─── Entries provided

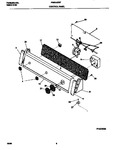 Diagram for 05 - Control Panel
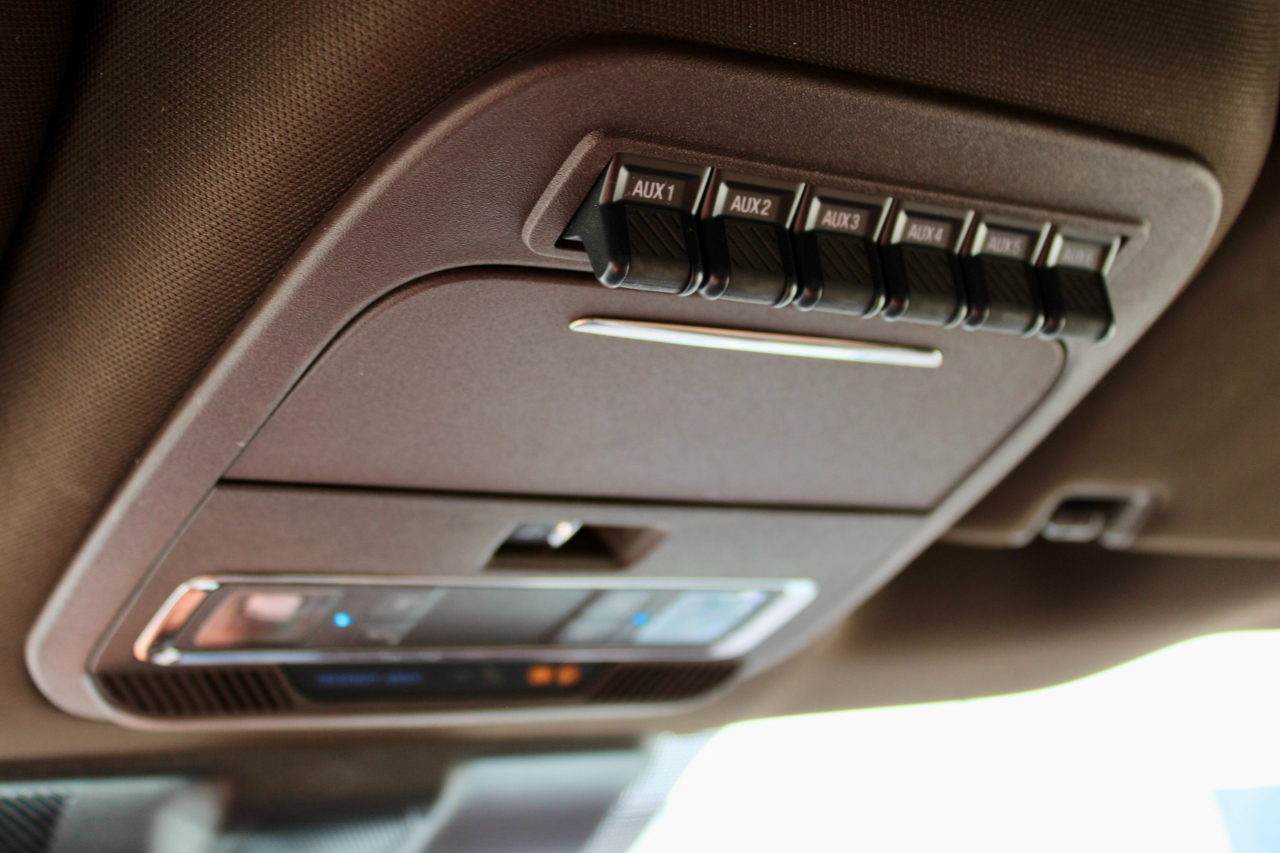 Ford F-250 SD King Ranch Crew Cab 4WD 2025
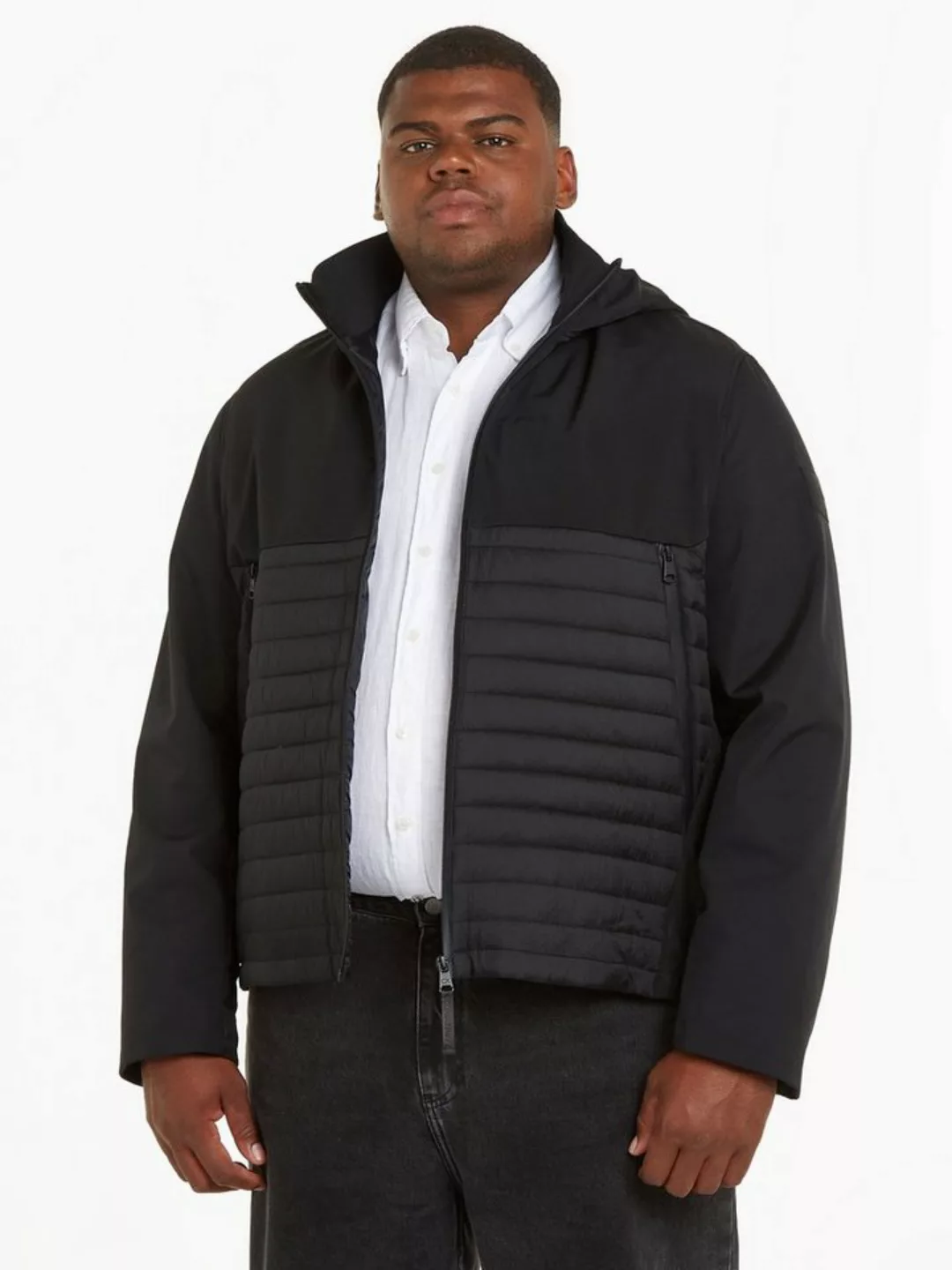 Calvin Klein Big&Tall Outdoorjacke günstig online kaufen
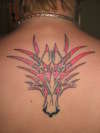 dragon and eagle tattoo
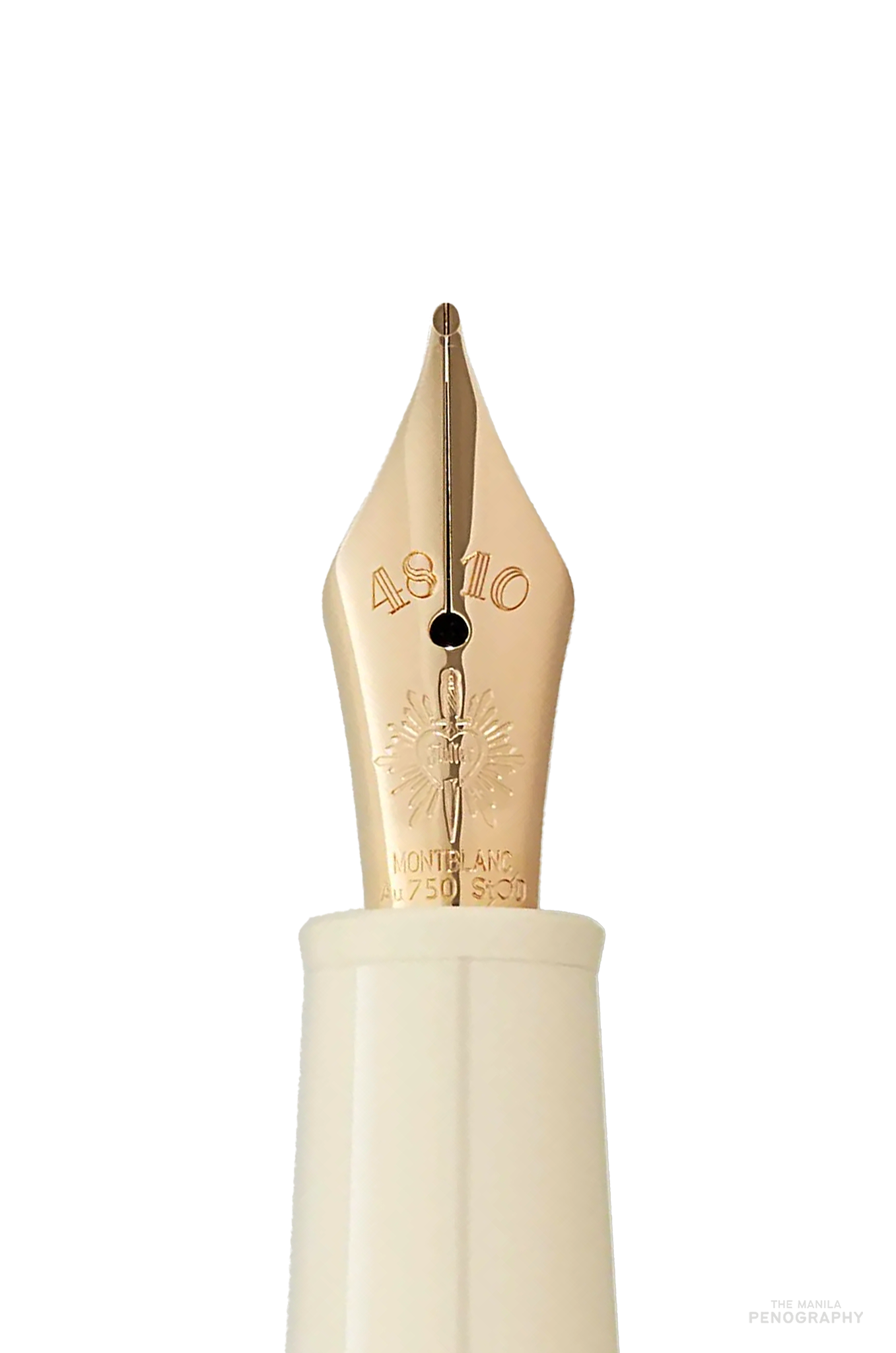 Montblanc 145 Juliet Doué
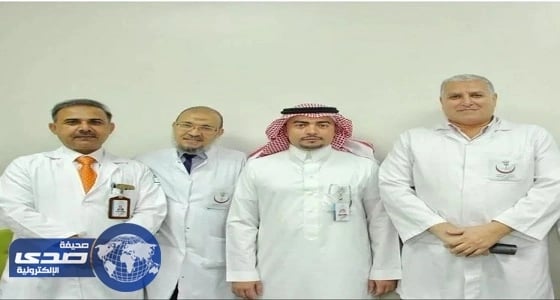 نجاح جراحة نادرة ومعقدة لطفلتين بمدينة الملك سعود الطبية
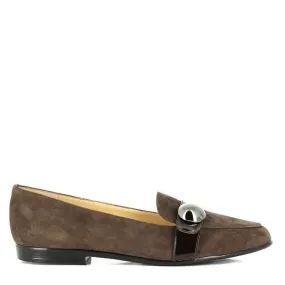 Amalfi Onelio Chocolate Brown Loafers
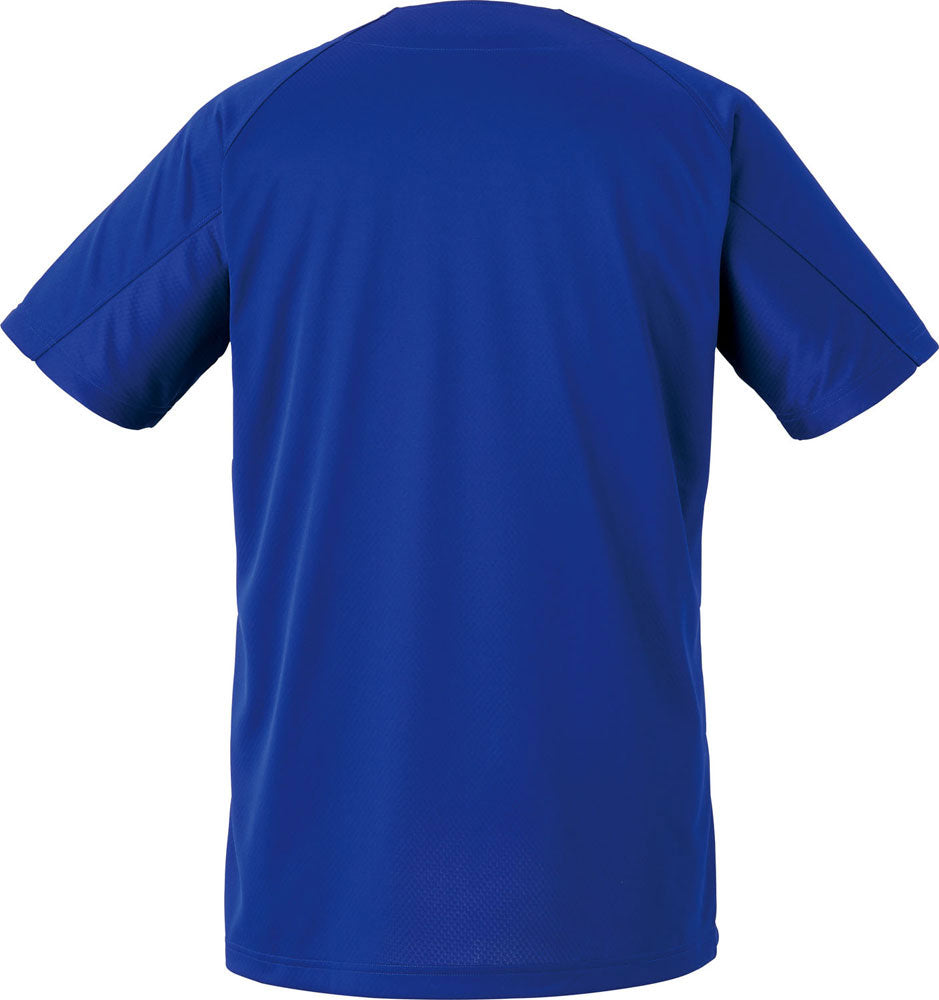 野球 ベースボールTシャツ プルオーバーベースボールシャツ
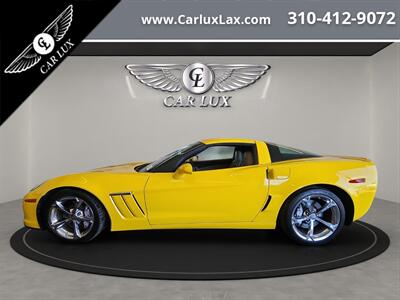 2012 Chevrolet Corvette Z16 Grand Sport  3LT - Photo 4 - Lennox, CA 90304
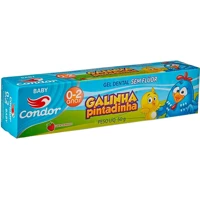 Imagem da promoção Condor Creme Dental Intantil, Sabor Morango, 150g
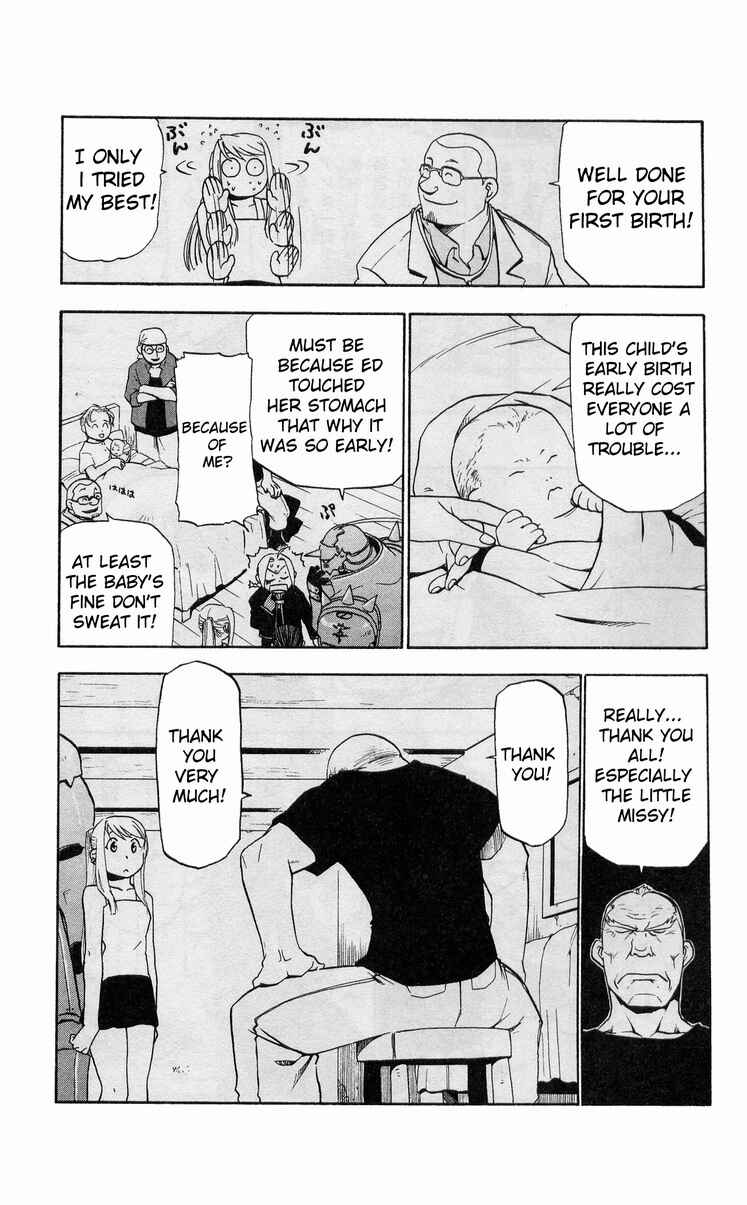 Page 20 Chapter 19 Fullmetal Alchemist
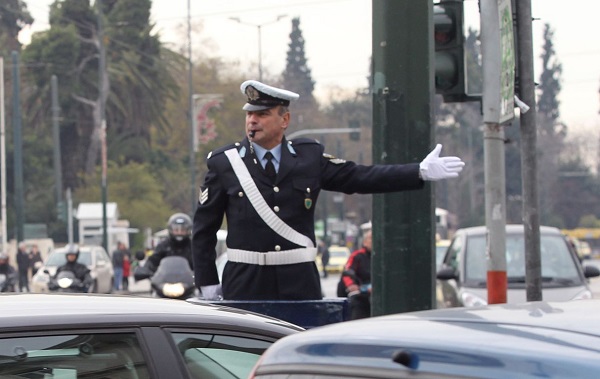 Κυκλοφοριακές ρυθμίσεις για τον εορτασμό των Θεοφανείων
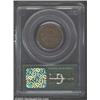 Image 2 : 1848 1/2 C Restrike PR64 Brown PCGS.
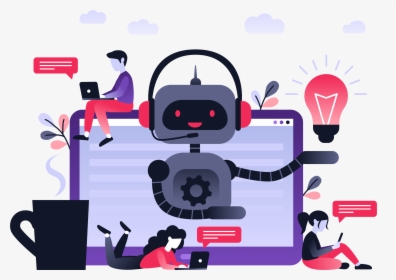Messenger Automation, HD Png Download, Transparent PNG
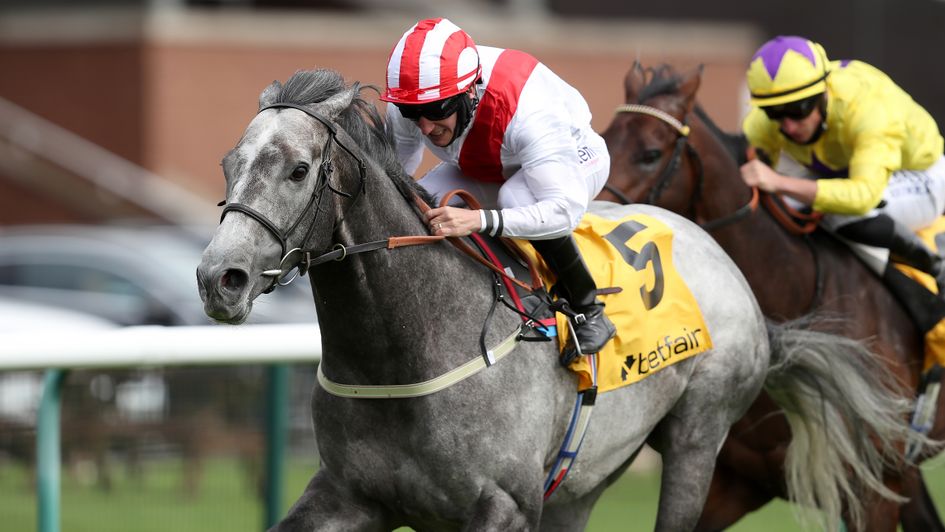 Top Rank wins at Haydock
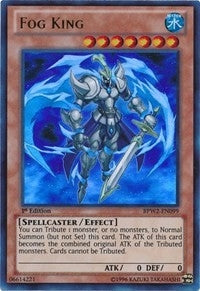 Fog King (2099) (BPW2) - YuGiOh Single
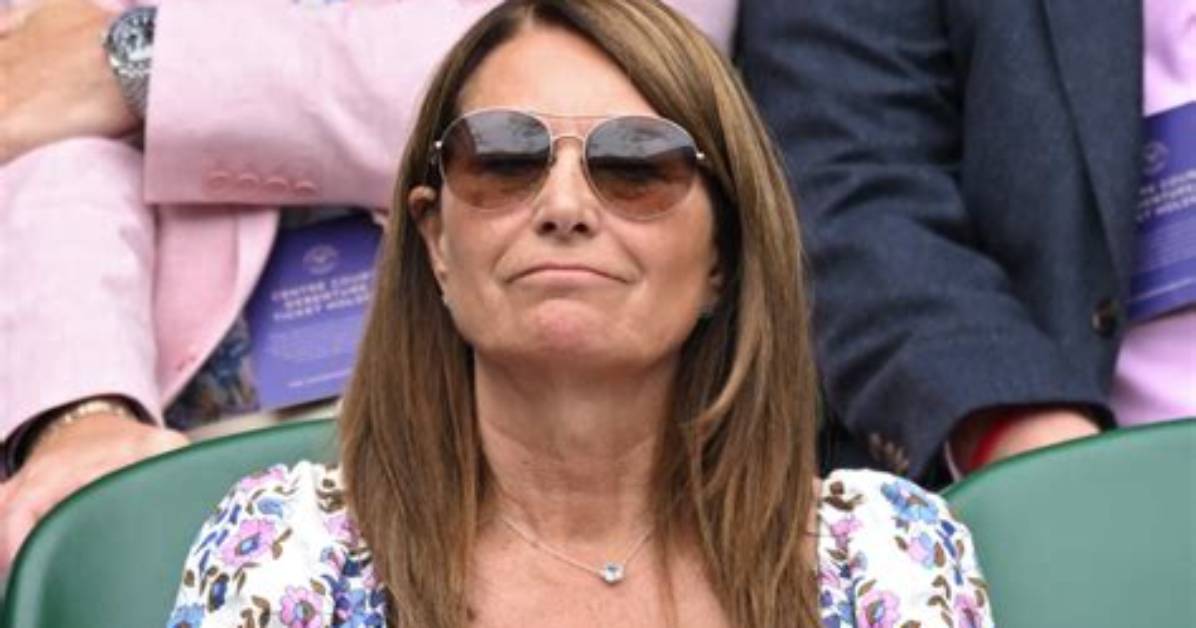 Carole Middleton ‘Is a Snobbish Social Climber, ’ Claims Carole’s Goddaughter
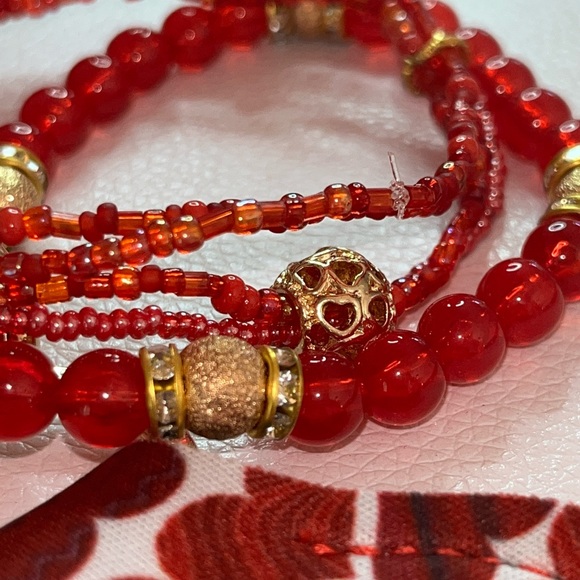 Heart Bracelet Keychain - Picture 10 of 14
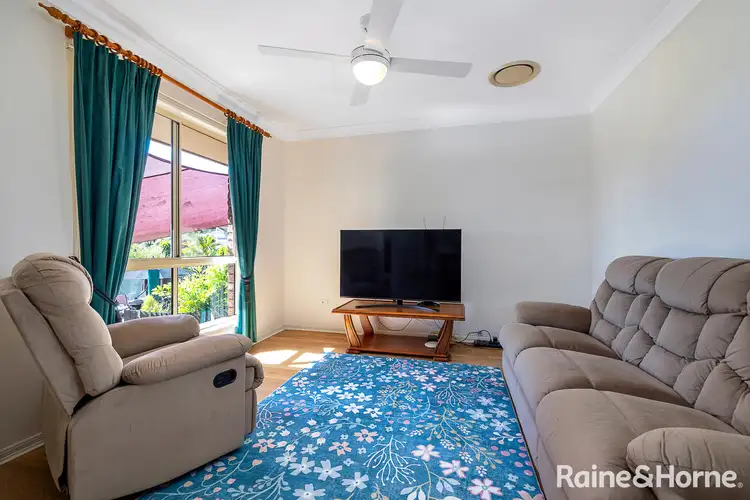 Second view of Homely house listing, 45 Andromeda Avenue, Tanah Merah QLD 4128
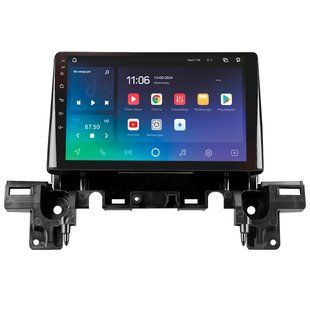 Штатна магнітола Sigma Pro 9464 4+64 Gb Mazda CX-5 2 KF 2017-2023 (F2) 9"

──────

[Description of the task]: Transcribe every line from the one containing "نجاح جراحة نادرة" to the end of the listing, exactly and exclusively. Do not carry any picture over.

[Solution to this problem]:
 نجاح جراحة نادرة ومعقدة لطفلتين بمدينة الملك سعود الطبية
 Amalfi Onelio Chocolate Brown Loafers
 野球 ベースボールTシャツ プルオーバーベースボールシャツ
 2012 Chevrolet Corvette Z16 Grand Sport  3LT - Photo 4 - Lennox, CA 90304
 Imagem da promoção Condor Creme Dental Intantil, Sabor Morango, 150g
 Page 20 Chapter 19 Fullmetal Alchemist
 Κυκλοφοριακές ρυθμίσεις για τον εορτασμό των Θεοφανείων
 Image 2 : 1848 1/2 C Restrike PR64 Brown PCGS.
Messenger Automation, HD Png Download, Transparent PNG
 Top Rank wins at Haydock
 Fog King (2099) (BPW2) - YuGiOh Single
 Carole Middleton ‘Is a Snobbish Social Climber, ’ Claims Carole’s Goddaughter
 Heart Bracelet Keychain - Picture 10 of 14
 Second view of Homely house listing, 45 Andromeda Avenue, Tanah Merah QLD 4128
 Штатна магнітола Sigma Pro 9464 4+64 Gb Mazda CX-5 2 KF 2017-2023 (F2) 9"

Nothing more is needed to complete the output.